Today I had my music vocal exam. In the morning, the most convenient kurta that came out was purple.
As I was leaving the house, the hole in my umbrella seemed to be getting bigger, so my mum brought me another, and it turned out to be... purple! (The previous one was blue).

As I sang, my eyes absent-mindedly trailed along the examiner's sari border at her feet. Red, I realised as the song got over. And omg! Purple sari!

The exam got over before I knew it. I came out of the room thinking, it was a shade better than last year. That shade must have been black, I joked to myself, referring to my salwar. Unlike last year, when my entire attire was a mix and match combo of purple kurta and salwar, the last exam, in which I'd blanked out on the songs and hence repeated this year.

There shouldn't be an exam for music, I pondered as I fried purple-pink onions back home. Just you and your teacher, then you and your audience, then you and your teacher again. Of course I knew the merits of the exam. For the moment I wanted to believe in a life without exams, and I'm still stiflling an urge to go holidaying in the Caribbean, since a holiday even inside my country isn't possible right now due to too many reasons to quote here.

As I walked to my music teacher's house, there was a kid on a cycle, her father behind her (couldn't believe they were out on this exercise in the blinding sun). She had on an orange shirt, and mismatching purple pants! With white polka dots of course...

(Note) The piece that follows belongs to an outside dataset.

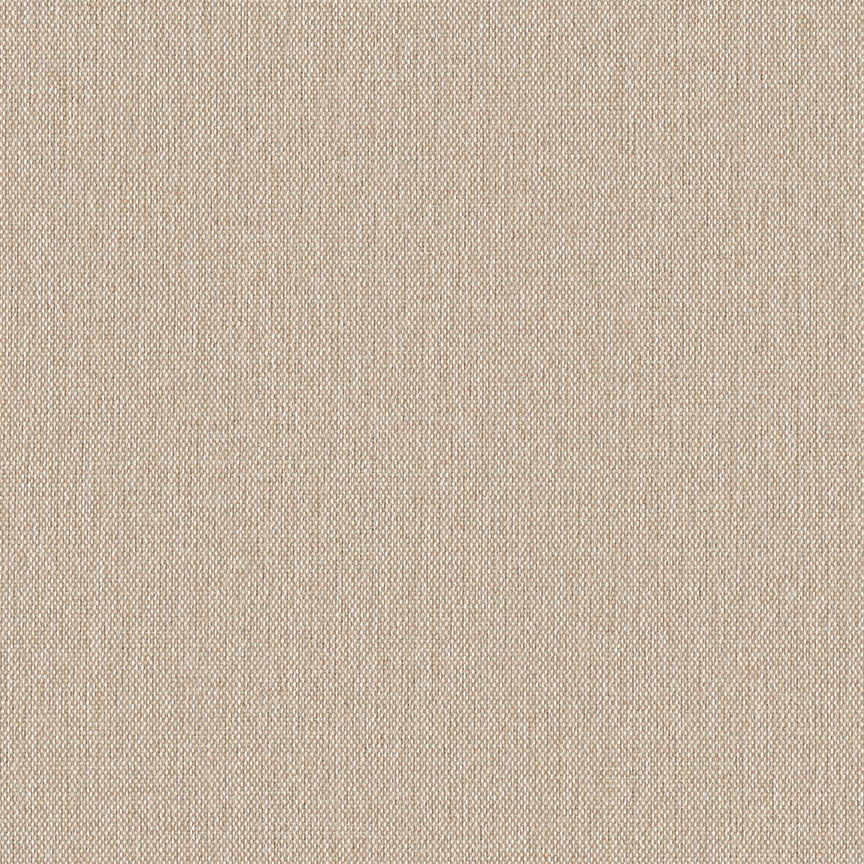 Detail image of Tenet 007 Scallop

I was rummaging through my wardrobe in the evening. Dinner invitation. Thankfully, I'd already worn the last two purple tops yesterday. Knowing me and my habit of wearing 5% of my wardrobe 95% of the time, I'd have ended my day with purple, and I'd have started imagining that my tomato juice screwdriver was a purple whirlpool at that moment when I got sick of it...

Tuesday, May 10, 2011

The Story of a Song


(This was written for a 1-min story telling competition)
Once upon a time there was a song. She loved to flow, just like brooks and rivulets and impulsive poetry.
Birds trilled her, baritones embraced her.
She breezed through hills, she whistled through city lanes. At times she felt caged by her own network of notes. At times, she was the laughter of an alien tongue, a delightful surprise. At times her notes would stand parallel, in attention. At times, they'd rush and roll into a crescendo. At times she spoke nothing.
The last occasion she strummed a heart string, her last “sighting”, reported this time by a little leaf on a bountiful tree, was one melon-yellow sunset. She stepped lightly into a fallen ray. It was perfect.